• EXERCISE BRIEF
Each entry below needs to be copied exactly, with nothing dropped.
****
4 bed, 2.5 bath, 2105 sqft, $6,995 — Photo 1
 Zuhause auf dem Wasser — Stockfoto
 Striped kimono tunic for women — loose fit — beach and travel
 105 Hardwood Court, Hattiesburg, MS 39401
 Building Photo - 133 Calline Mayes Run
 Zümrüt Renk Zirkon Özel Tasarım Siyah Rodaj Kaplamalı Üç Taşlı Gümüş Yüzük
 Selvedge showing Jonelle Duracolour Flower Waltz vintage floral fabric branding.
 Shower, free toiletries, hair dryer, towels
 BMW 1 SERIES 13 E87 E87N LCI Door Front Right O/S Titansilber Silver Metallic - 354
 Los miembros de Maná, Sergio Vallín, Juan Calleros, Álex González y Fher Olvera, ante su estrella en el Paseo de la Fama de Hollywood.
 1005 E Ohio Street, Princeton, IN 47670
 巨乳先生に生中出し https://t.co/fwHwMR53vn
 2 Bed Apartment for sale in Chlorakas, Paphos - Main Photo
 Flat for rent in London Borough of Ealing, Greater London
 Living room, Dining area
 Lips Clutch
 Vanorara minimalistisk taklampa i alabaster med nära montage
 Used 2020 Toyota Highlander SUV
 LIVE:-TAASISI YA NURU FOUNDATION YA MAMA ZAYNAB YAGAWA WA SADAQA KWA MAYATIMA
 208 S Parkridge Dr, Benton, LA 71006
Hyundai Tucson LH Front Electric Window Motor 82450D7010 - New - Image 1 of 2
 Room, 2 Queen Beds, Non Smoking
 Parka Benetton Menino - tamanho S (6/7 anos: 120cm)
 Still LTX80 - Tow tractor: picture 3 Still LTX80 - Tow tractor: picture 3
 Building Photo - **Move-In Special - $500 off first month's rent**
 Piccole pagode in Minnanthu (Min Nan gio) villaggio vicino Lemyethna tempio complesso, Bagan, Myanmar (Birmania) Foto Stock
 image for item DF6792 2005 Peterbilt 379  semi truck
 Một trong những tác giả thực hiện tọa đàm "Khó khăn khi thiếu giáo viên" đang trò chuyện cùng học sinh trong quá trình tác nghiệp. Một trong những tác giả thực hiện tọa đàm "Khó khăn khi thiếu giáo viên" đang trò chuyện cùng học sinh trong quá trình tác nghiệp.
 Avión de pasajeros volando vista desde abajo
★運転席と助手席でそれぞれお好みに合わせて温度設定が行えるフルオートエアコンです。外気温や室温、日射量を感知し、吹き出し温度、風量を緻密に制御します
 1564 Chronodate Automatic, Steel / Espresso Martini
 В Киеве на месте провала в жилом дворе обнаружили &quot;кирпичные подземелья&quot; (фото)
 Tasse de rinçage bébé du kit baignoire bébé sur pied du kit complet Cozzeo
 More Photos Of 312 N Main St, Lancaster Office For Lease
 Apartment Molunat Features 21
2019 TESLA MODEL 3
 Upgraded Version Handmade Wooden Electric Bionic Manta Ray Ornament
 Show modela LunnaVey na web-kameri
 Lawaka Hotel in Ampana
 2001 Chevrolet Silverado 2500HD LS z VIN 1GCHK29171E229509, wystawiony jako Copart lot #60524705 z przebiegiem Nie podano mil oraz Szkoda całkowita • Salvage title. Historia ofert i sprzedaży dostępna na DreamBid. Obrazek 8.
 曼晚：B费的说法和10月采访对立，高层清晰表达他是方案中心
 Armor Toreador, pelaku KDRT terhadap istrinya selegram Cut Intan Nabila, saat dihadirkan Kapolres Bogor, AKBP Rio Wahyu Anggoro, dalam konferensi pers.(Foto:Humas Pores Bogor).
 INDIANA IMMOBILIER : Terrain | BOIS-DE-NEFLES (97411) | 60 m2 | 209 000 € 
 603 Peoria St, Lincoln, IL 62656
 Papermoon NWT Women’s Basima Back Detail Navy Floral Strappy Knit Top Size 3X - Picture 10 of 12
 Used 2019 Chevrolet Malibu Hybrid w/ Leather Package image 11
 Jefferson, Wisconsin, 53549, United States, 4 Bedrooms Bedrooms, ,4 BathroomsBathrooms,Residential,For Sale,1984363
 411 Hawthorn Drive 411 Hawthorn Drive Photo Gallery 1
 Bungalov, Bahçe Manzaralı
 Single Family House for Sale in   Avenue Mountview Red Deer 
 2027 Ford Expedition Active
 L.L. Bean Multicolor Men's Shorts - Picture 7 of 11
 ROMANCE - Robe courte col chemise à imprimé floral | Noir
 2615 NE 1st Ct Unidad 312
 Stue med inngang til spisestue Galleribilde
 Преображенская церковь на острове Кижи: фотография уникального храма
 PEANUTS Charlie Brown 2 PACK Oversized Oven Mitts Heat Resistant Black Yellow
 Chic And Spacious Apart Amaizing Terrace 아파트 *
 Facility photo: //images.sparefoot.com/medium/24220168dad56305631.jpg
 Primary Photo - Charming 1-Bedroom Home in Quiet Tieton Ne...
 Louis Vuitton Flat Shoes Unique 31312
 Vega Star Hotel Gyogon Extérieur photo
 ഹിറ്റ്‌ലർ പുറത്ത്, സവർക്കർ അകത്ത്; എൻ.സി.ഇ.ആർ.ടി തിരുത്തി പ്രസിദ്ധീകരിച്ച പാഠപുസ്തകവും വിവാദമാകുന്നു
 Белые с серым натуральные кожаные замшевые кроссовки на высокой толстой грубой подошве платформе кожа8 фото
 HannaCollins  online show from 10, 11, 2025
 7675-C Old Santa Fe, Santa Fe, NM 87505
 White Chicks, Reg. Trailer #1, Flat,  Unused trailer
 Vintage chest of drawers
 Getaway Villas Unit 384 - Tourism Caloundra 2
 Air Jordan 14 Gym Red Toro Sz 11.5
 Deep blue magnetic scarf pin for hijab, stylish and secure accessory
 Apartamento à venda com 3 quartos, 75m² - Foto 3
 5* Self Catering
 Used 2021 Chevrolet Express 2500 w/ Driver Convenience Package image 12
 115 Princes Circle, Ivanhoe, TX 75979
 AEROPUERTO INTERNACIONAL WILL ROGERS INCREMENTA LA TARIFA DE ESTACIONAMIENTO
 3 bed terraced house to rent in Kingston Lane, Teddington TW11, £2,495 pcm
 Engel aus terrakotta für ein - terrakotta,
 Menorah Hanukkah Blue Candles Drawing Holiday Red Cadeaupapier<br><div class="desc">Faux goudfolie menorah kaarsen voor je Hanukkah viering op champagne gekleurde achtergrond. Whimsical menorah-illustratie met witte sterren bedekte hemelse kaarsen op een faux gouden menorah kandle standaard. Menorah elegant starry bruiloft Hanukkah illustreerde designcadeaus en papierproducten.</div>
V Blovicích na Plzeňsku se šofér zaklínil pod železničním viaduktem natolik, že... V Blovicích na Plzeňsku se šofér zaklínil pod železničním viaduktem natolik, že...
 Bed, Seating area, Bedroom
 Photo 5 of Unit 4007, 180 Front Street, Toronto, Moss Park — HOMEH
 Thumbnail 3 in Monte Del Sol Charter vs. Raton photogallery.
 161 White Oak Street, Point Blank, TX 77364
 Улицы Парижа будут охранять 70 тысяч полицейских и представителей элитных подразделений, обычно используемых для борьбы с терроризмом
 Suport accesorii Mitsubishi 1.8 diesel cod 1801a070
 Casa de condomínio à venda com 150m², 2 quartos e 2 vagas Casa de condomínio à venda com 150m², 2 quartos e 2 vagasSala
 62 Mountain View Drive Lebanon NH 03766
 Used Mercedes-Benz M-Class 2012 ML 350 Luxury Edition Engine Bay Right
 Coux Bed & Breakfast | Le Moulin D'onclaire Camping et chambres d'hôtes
****
• WRITTEN RESPONSE
4 bed, 2.5 bath, 2105 sqft, $6,995 — Photo 1
 Zuhause auf dem Wasser — Stockfoto
 Striped kimono tunic for women — loose fit — beach and travel
 105 Hardwood Court, Hattiesburg, MS 39401
 Building Photo - 133 Calline Mayes Run
 Zümrüt Renk Zirkon Özel Tasarım Siyah Rodaj Kaplamalı Üç Taşlı Gümüş Yüzük
 Selvedge showing Jonelle Duracolour Flower Waltz vintage floral fabric branding.
 Shower, free toiletries, hair dryer, towels
 BMW 1 SERIES 13 E87 E87N LCI Door Front Right O/S Titansilber Silver Metallic - 354
 Los miembros de Maná, Sergio Vallín, Juan Calleros, Álex González y Fher Olvera, ante su estrella en el Paseo de la Fama de Hollywood.
 1005 E Ohio Street, Princeton, IN 47670
 巨乳先生に生中出し https://t.co/fwHwMR53vn
 2 Bed Apartment for sale in Chlorakas, Paphos - Main Photo
 Flat for rent in London Borough of Ealing, Greater London
 Living room, Dining area
 Lips Clutch
 Vanorara minimalistisk taklampa i alabaster med nära montage
 Used 2020 Toyota Highlander SUV
 LIVE:-TAASISI YA NURU FOUNDATION YA MAMA ZAYNAB YAGAWA WA SADAQA KWA MAYATIMA
 208 S Parkridge Dr, Benton, LA 71006
Hyundai Tucson LH Front Electric Window Motor 82450D7010 - New - Image 1 of 2
 Room, 2 Queen Beds, Non Smoking
 Parka Benetton Menino - tamanho S (6/7 anos: 120cm)
 Still LTX80 - Tow tractor: picture 3 Still LTX80 - Tow tractor: picture 3
 Building Photo - **Move-In Special - $500 off first month's rent**
 Piccole pagode in Minnanthu (Min Nan gio) villaggio vicino Lemyethna tempio complesso, Bagan, Myanmar (Birmania) Foto Stock
 image for item DF6792 2005 Peterbilt 379  semi truck
 Một trong những tác giả thực hiện tọa đàm "Khó khăn khi thiếu giáo viên" đang trò chuyện cùng học sinh trong quá trình tác nghiệp. Một trong những tác giả thực hiện tọa đàm "Khó khăn khi thiếu giáo viên" đang trò chuyện cùng học sinh trong quá trình tác nghiệp.
 Avión de pasajeros volando vista desde abajo
★運転席と助手席でそれぞれお好みに合わせて温度設定が行えるフルオートエアコンです。外気温や室温、日射量を感知し、吹き出し温度、風量を緻密に制御します
 1564 Chronodate Automatic, Steel / Espresso Martini
 В Киеве на месте провала в жилом дворе обнаружили &quot;кирпичные подземелья&quot; (фото)
 Tasse de rinçage bébé du kit baignoire bébé sur pied du kit complet Cozzeo
 More Photos Of 312 N Main St, Lancaster Office For Lease
 Apartment Molunat Features 21
2019 TESLA MODEL 3
 Upgraded Version Handmade Wooden Electric Bionic Manta Ray Ornament
 Show modela LunnaVey na web-kameri
 Lawaka Hotel in Ampana
 2001 Chevrolet Silverado 2500HD LS z VIN 1GCHK29171E229509, wystawiony jako Copart lot #60524705 z przebiegiem Nie podano mil oraz Szkoda całkowita • Salvage title. Historia ofert i sprzedaży dostępna na DreamBid. Obrazek 8.
 曼晚：B费的说法和10月采访对立，高层清晰表达他是方案中心
 Armor Toreador, pelaku KDRT terhadap istrinya selegram Cut Intan Nabila, saat dihadirkan Kapolres Bogor, AKBP Rio Wahyu Anggoro, dalam konferensi pers.(Foto:Humas Pores Bogor).
 INDIANA IMMOBILIER : Terrain | BOIS-DE-NEFLES (97411) | 60 m2 | 209 000 € 
 603 Peoria St, Lincoln, IL 62656
 Papermoon NWT Women’s Basima Back Detail Navy Floral Strappy Knit Top Size 3X - Picture 10 of 12
 Used 2019 Chevrolet Malibu Hybrid w/ Leather Package image 11
 Jefferson, Wisconsin, 53549, United States, 4 Bedrooms Bedrooms, ,4 BathroomsBathrooms,Residential,For Sale,1984363
 411 Hawthorn Drive 411 Hawthorn Drive Photo Gallery 1
 Bungalov, Bahçe Manzaralı
 Single Family House for Sale in   Avenue Mountview Red Deer 
 2027 Ford Expedition Active
 L.L. Bean Multicolor Men's Shorts - Picture 7 of 11
 ROMANCE - Robe courte col chemise à imprimé floral | Noir
 2615 NE 1st Ct Unidad 312
 Stue med inngang til spisestue Galleribilde
 Преображенская церковь на острове Кижи: фотография уникального храма
 PEANUTS Charlie Brown 2 PACK Oversized Oven Mitts Heat Resistant Black Yellow
 Chic And Spacious Apart Amaizing Terrace 아파트 *
 Facility photo: //images.sparefoot.com/medium/24220168dad56305631.jpg
 Primary Photo - Charming 1-Bedroom Home in Quiet Tieton Ne...
 Louis Vuitton Flat Shoes Unique 31312
 Vega Star Hotel Gyogon Extérieur photo
 ഹിറ്റ്‌ലർ പുറത്ത്, സവർക്കർ അകത്ത്; എൻ.സി.ഇ.ആർ.ടി തിരുത്തി പ്രസിദ്ധീകരിച്ച പാഠപുസ്തകവും വിവാദമാകുന്നു
 Белые с серым натуральные кожаные замшевые кроссовки на высокой толстой грубой подошве платформе кожа8 фото
 HannaCollins  online show from 10, 11, 2025
 7675-C Old Santa Fe, Santa Fe, NM 87505
 White Chicks, Reg. Trailer #1, Flat,  Unused trailer
 Vintage chest of drawers
 Getaway Villas Unit 384 - Tourism Caloundra 2
 Air Jordan 14 Gym Red Toro Sz 11.5
 Deep blue magnetic scarf pin for hijab, stylish and secure accessory
 Apartamento à venda com 3 quartos, 75m² - Foto 3
 5* Self Catering
 Used 2021 Chevrolet Express 2500 w/ Driver Convenience Package image 12
 115 Princes Circle, Ivanhoe, TX 75979
 AEROPUERTO INTERNACIONAL WILL ROGERS INCREMENTA LA TARIFA DE ESTACIONAMIENTO
 3 bed terraced house to rent in Kingston Lane, Teddington TW11, £2,495 pcm
 Engel aus terrakotta für ein - terrakotta,
 Menorah Hanukkah Blue Candles Drawing Holiday Red Cadeaupapier<br><div class="desc">Faux goudfolie menorah kaarsen voor je Hanukkah viering op champagne gekleurde achtergrond. Whimsical menorah-illustratie met witte sterren bedekte hemelse kaarsen op een faux gouden menorah kandle standaard. Menorah elegant starry bruiloft Hanukkah illustreerde designcadeaus en papierproducten.</div>
V Blovicích na Plzeňsku se šofér zaklínil pod železničním viaduktem natolik, že... V Blovicích na Plzeňsku se šofér zaklínil pod železničním viaduktem natolik, že...
 Bed, Seating area, Bedroom
 Photo 5 of Unit 4007, 180 Front Street, Toronto, Moss Park — HOMEH
 Thumbnail 3 in Monte Del Sol Charter vs. Raton photogallery.
 161 White Oak Street, Point Blank, TX 77364
 Улицы Парижа будут охранять 70 тысяч полицейских и представителей элитных подразделений, обычно используемых для борьбы с терроризмом
 Suport accesorii Mitsubishi 1.8 diesel cod 1801a070
 Casa de condomínio à venda com 150m², 2 quartos e 2 vagas Casa de condomínio à venda com 150m², 2 quartos e 2 vagasSala
 62 Mountain View Drive Lebanon NH 03766
 Used Mercedes-Benz M-Class 2012 ML 350 Luxury Edition Engine Bay Right
 Coux Bed & Breakfast | Le Moulin D'onclaire Camping et chambres d'hôtes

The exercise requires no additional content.